You wrote these songs on paper, so what is like when you get into the studio and start hearing the players fill in the blanks. Or leaving more blanks.

It’s great. It’s magic. I don’t know if I have a compelling quip about it. My jaw drops. I’m also honored that some of my friends who have been mastering their craft for a long time will apply their skills to these pieces of paper. The people I’ve assembled are not in Los Angeles or New York but they can definitely hold their own with anybody in the country.

You have a songbook that accompanies this album and features the song “Persnickety”, which I know you were working on after the last album.

We didn’t record that one yet. It wouldn’t work without everyone in the same room. It’s really fast, you can’t do unless everyone’s in the same room, looking at each other. There’s “Back in New York”, which is a great song that I’m going to put out. There’s actually a companion disc that I think we’re going to call Complementary Hues. There were so many songs for the album, so the ones that had a little more of a backbeat or were a little more pop were held back.


Almost nothing has a backbeat on this record.


That’s probably not something I should brag about because it’ll turn people off. [Laughs.] Someone once told me, “Wynton Marsalis doesn’t like anything with a backbeat.” It’s probably not true but you don’t have to have that big guy banging on that snare on every two and four on everything.

Was jazz something you came to early on or was it something you picked up on later?
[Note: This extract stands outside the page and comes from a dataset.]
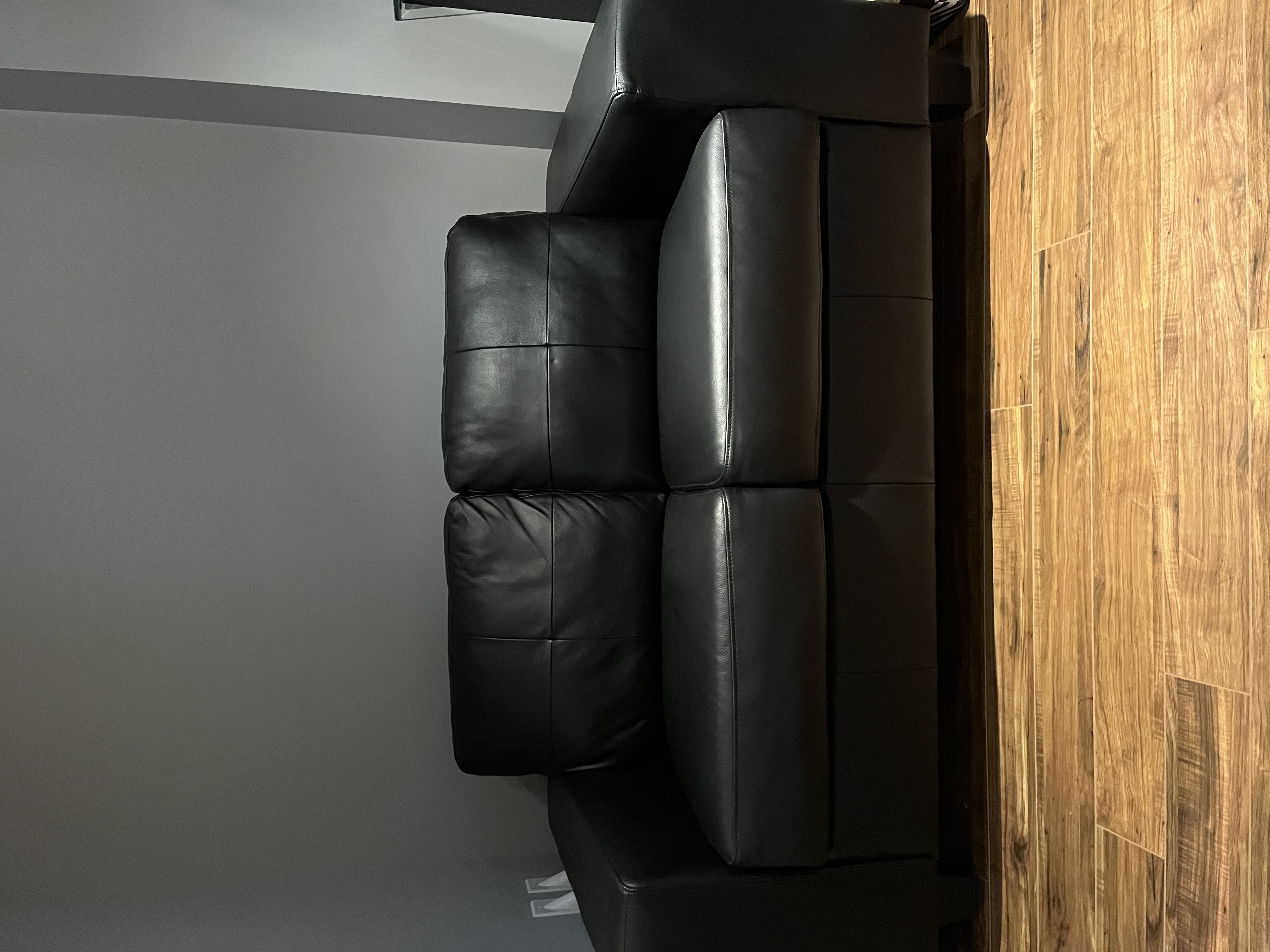 Photo of Leather loveseat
I think more musicians are much more catholic than their public face would suggest. When I started playing with Alex Chilton it was such a big deal for us to go see Charles Mingus. Alex loved him and he loved Chet Baker. Growing up, I would go see everybody. Classical music was more what I grew up with. But for jazz Mingus was particularly interesting because he was a composer first and foremost. I really loved those records when I was in high school.
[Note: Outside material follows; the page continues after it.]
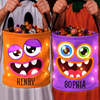 Custom LED Light Bucket Bag - Personalized Halloween Birthday Gifts For Kids - Our Little Monsters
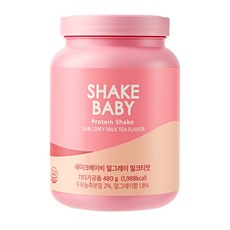 쉐이크베이비 시즌2 단백질 쉐이크 얼그레이 밀크티맛, 480g, 1개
Once I got to New York, the Art Ensemble of Chicago were kind of like my Grateful Dead. I’m not sure I could follow all of it; I’m not sure they could follow all of it all of the time, but I loved those concerts. The dB’s were managed by a collective in New York that also handled Leroy Jenkins and Anthony Braxton, a lot of the Chicago new music jazz players who migrated to New York. It wasn’t as narrow as people were sometimes led to believe.

There are those great stories about the Grateful Dead and Miles Davis sharing bills.
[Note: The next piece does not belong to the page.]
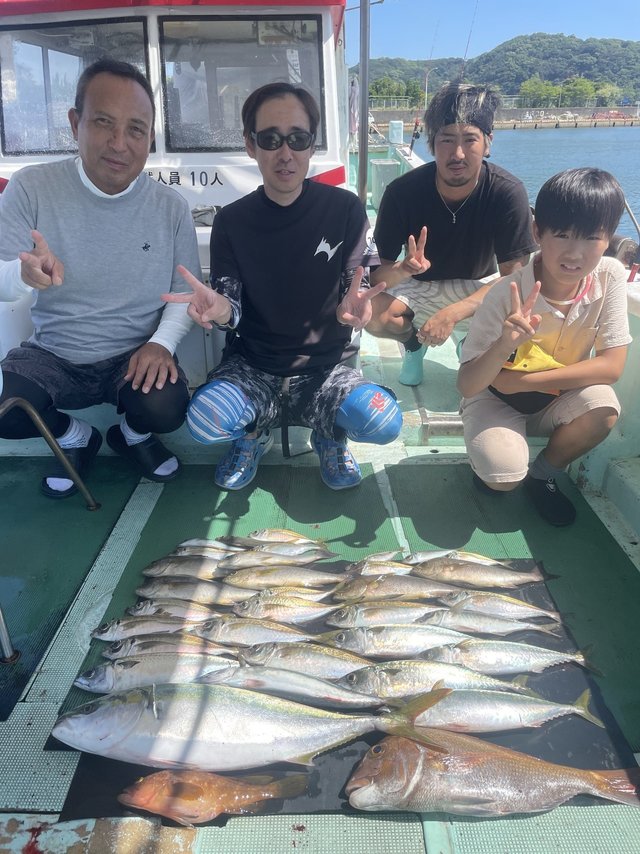 マダイ・キジハタ・マアジ・メジロ(ブリ)・イサキ・マサバ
I’m not a jazz musician. It’s all based on songwriting. I’m trying to learn more about the way that chords fit together and the way melodies can work. I’m trying to become a better man as Jack Nicholson would say.

[Laughs.] I wanted to ask you about “Speechless” because that one struck me as ever-so-slightly different than the rest of the material. I heard more of an English influence in it.

That one does have a backbeat!


One of the two. It’s an anomaly. It felt good to put that one after everything else. It felt like a nice encore. I don’t know about English. I thought it was a Stevie Wonder song. He was always good with chords in a way that didn’t make you think about them. Lyrically, it aspires to the kind of writing that Cole Porter would do. A list song like “(Let’s Do It) Let’s Fall In Love”.

You have “Dangling Cheek to Cheek” which recalls earlier music but you have contemporary or semi-contemporary references in the lyrics. Like, I love country music but I hear so many songs that don’t seem to know they were written in 2019 and 1938.

I think writing songs has always been, for me, like being a child at the beach: You walk around and you see these colored stones and think, “Oh, that’s great. I’ll move this here.” It’s a question of curiosity. It’s not a question of planning or intent. I don’t think about whether something is retro or modern. I think the state of mind when you’re creating is not very calculating in that way. I will say that I was thinking about Depression-era songs.

“Come Home to Me” is definitely that kind of early 1930s kind of song. “Dangling Cheek to Cheek” is like “Brother Can You Spare a Dime?” It was so much fun to sing Muhammad Ali and three-pointer shot. I don’t know. I just didn’t throw those lines out. I was curious and doing stuff that made me smile. Usually the songs where you are really calculated about it are the ones that tank. Nobody likes them.